Budget 2013-14 should identify the critical ingredients of growth and address them through appropriate policy interventions, writes Chandrajit Banerjee.

india Updated: Jan 22, 2013 21:27 IST

At a time when the Indian economy is witnessing a sharp slowdown, we believe that the Union budget for 2013-14 should focus on reviving the growth momentum of the economy. It comes against the backdrop of persistently high inflation, escalating fiscal and current account deficits, falling investment levels, difficult export performance, weakening consumer demand and an uncertain global economic environment. It needs to identify the critical ingredients of growth and address them through appropriate policy interventions.

Restarting investment demand, a crucial catalyst for reviving growth, should be a top priority. Business sentiments in the economy are currently weak, causing investment activities to shrink rapidly. In the first three quarters of the current fiscal, new investment projects announced declined by around 50% over the corresponding period last year. While recent reform measures have helped in mitigating negative sentiments of investors, more needs to be done to accelerate the pace of overall investment.

To rejuvenate investments, the Confederation of Indian Industry (CII) recommends quick and time-bound clearance of 50 large projects with the intervention of the recently instituted Cabinet Committee on Investment (CCI). As many approvals derive from states, they should be encouraged to set up similar investment boards, in line with CCI, under the chairmanship of chief minsters.

Additionally, allowing accelerated depreciation for investments in plant and machinery from the present level of 15-25% for a pre-defined period of 3–5 years is crucial for lifting investment. Project developers can then obtain full tax advantage of depreciation in a shorter period of time, incentivising fresh investments without affecting government revenues. Similarly, a weighted tax deduction on expenditure incurred by companies ‘going green’ could be considered.
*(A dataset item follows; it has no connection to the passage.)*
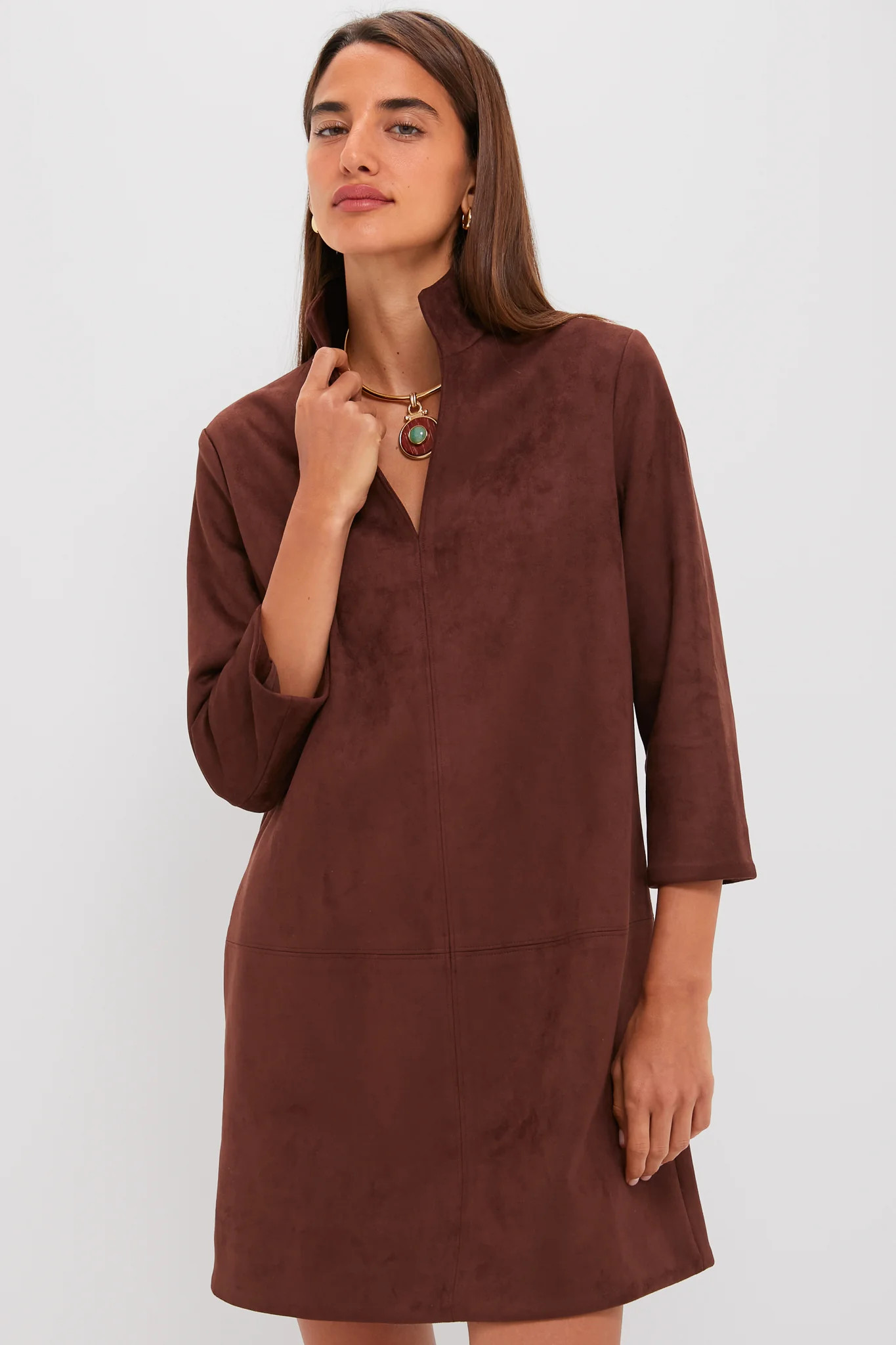 Ganache Vegan Suede Clifton Dress | Tuckernuck (US)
Much investment can emanate from public sector companies, which enjoy a pile of investable cash. Their role becomes especially critical since private sector investments have been declining. However, government companies have shown faster rate of contraction in new project announcements than private ones in the current fiscal. Central government-run companies alone are holding an estimated investable surplus of about R2.5 lakh crore, which may be used for building new capacity. This will stimulate overall investment in the economy by way of various forward and backward linkages.
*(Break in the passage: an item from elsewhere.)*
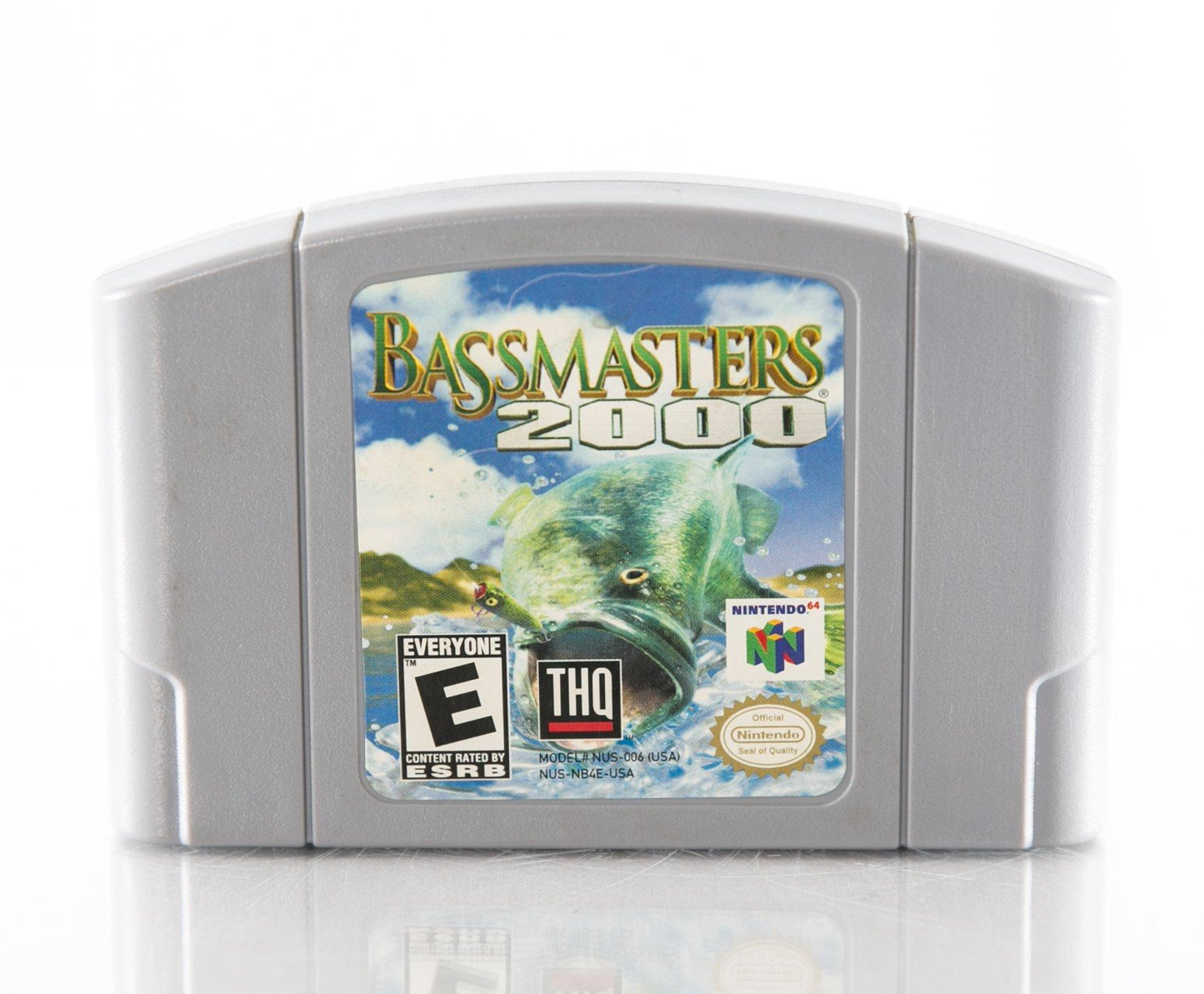 Bassmasters 2000 (Gray Cartridge) - N64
There is also a need to prop up investment activities in the real estate sector, which, through its close relations with other sectors, would help revive overall economic activity. Given the growing demand for housing from the lower middle income population, it’s critical to promote low-cost housing. Currently, the government offers interest subvention of 1% for housing loans up to R15 lakh, provided the housing cost does not exceed R25 lakh. It would help if the scheme is extended to a total housing cost of up to R35 lakh.

Industrial output has also remained lacklustre in the past several quarters, given the linkages between investment demand and industrial output. A stimulus package comprising cuts in excise and service tax rates would have been in order. However, this won’t be feasible in the light of uncomfortable fiscal deficit, and CII suggests that the present rates of excise and service tax rates may be maintained. Further, the implementation of the much-delayed Goods and Services Tax (GST) could serve as the elixir for reviving growth prospects. But given the prevailing uncertainties regarding its implementation, there is a case for reducing the Central Sales Tax (CST) from 2% to 1%. This would help in improving the overall competitiveness of the Indian manufacturing sector, especially crucial as exports, too, have been contracting. We also recommend customs duty to be retained at the current level of 10%, as global excess capacities could find their way into the Indian markets with lower rates.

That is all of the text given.